**Work required**
Repeat the lines from the one containing "Traditional gold-plated kundan" through the end of the listing exactly, both ends included. Do not carry over any pictures.

**Material for the task**
--- START ---

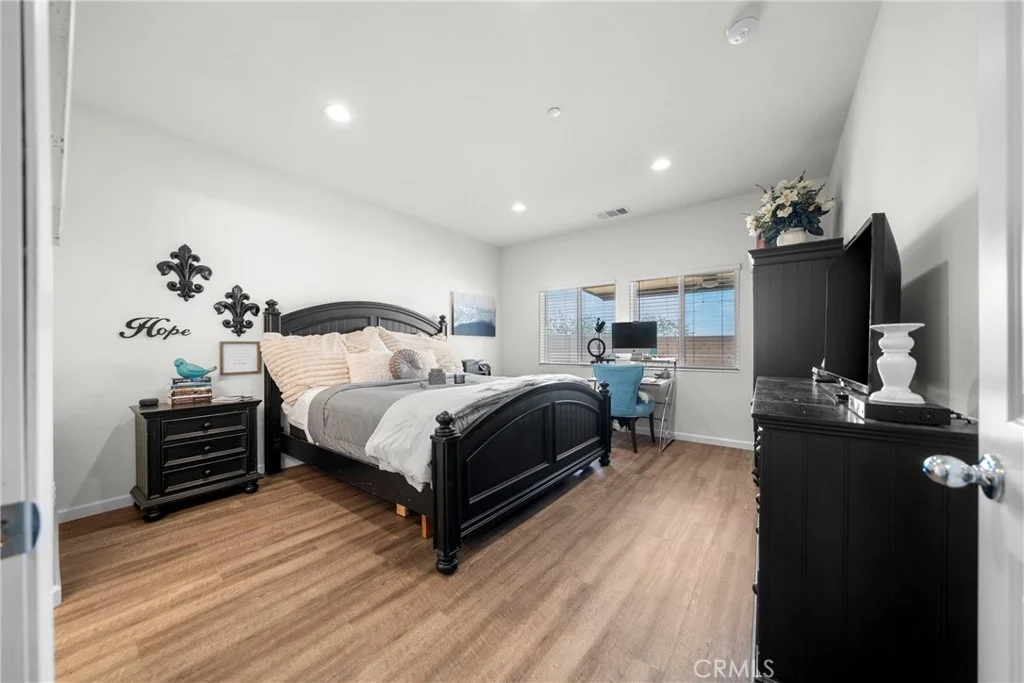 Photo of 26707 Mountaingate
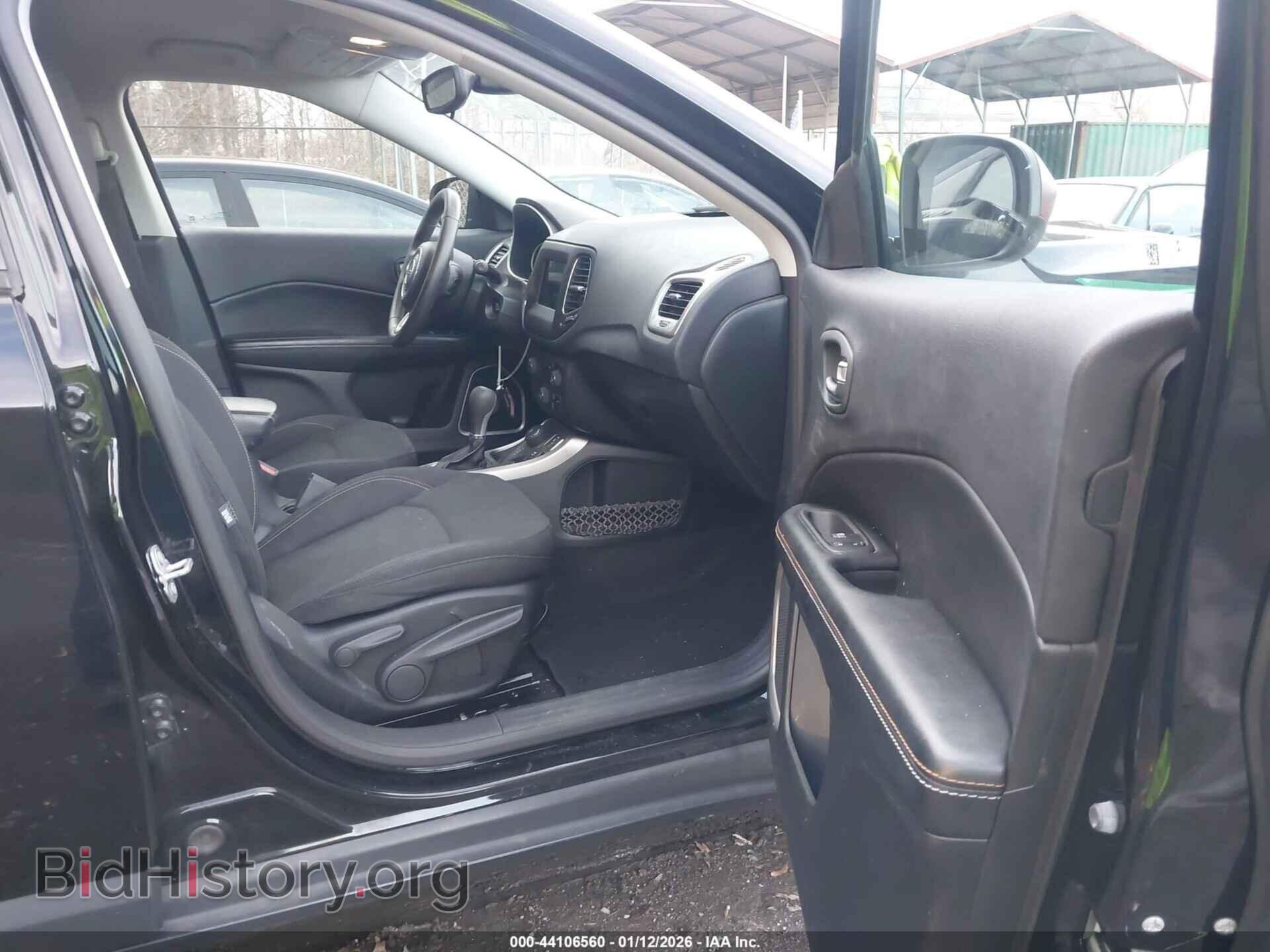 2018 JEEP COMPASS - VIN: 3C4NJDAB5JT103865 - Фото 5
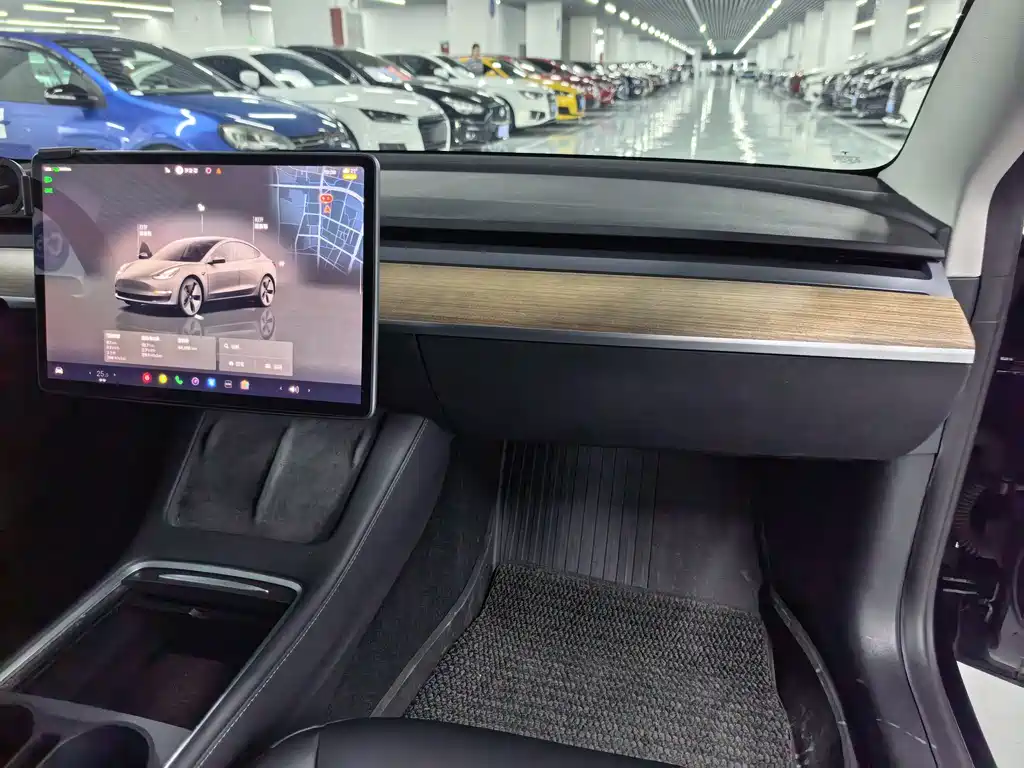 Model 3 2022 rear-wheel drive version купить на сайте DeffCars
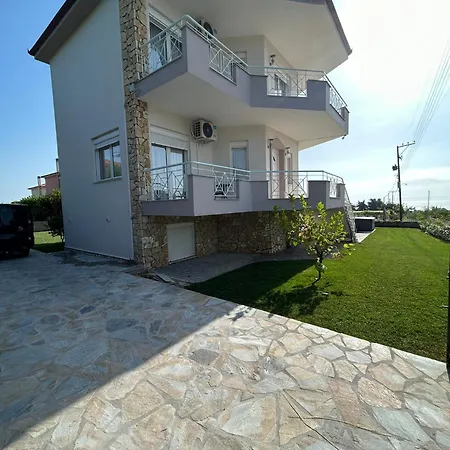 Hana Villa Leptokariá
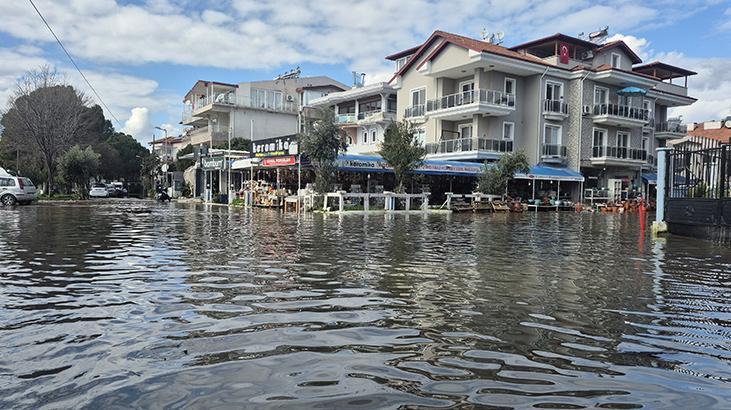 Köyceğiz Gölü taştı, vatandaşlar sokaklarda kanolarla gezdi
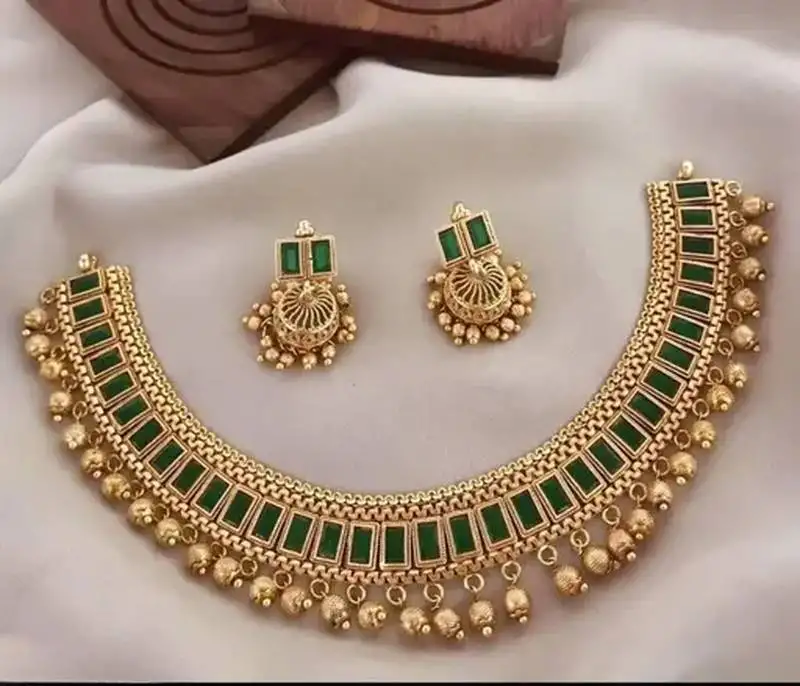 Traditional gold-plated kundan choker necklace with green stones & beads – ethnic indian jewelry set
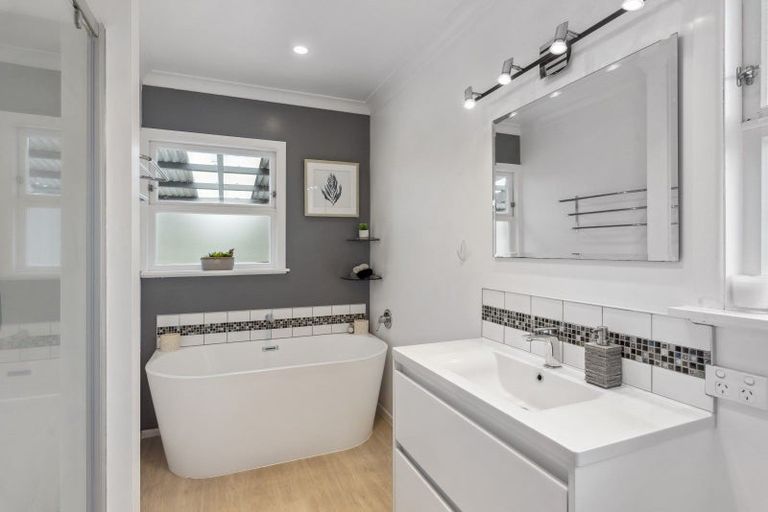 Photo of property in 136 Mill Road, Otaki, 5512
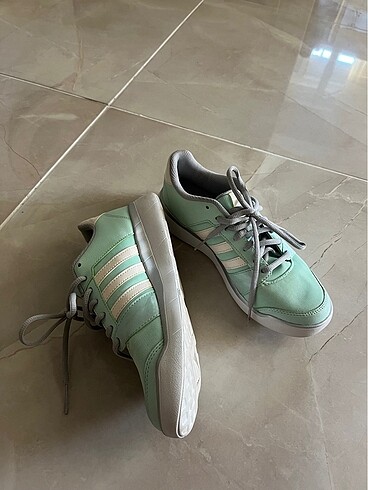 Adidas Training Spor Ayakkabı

--- END ---

**Task result**
 Traditional gold-plated kundan choker necklace with green stones & beads – ethnic indian jewelry set
 Photo of property in 136 Mill Road, Otaki, 5512
 Adidas Training Spor Ayakkabı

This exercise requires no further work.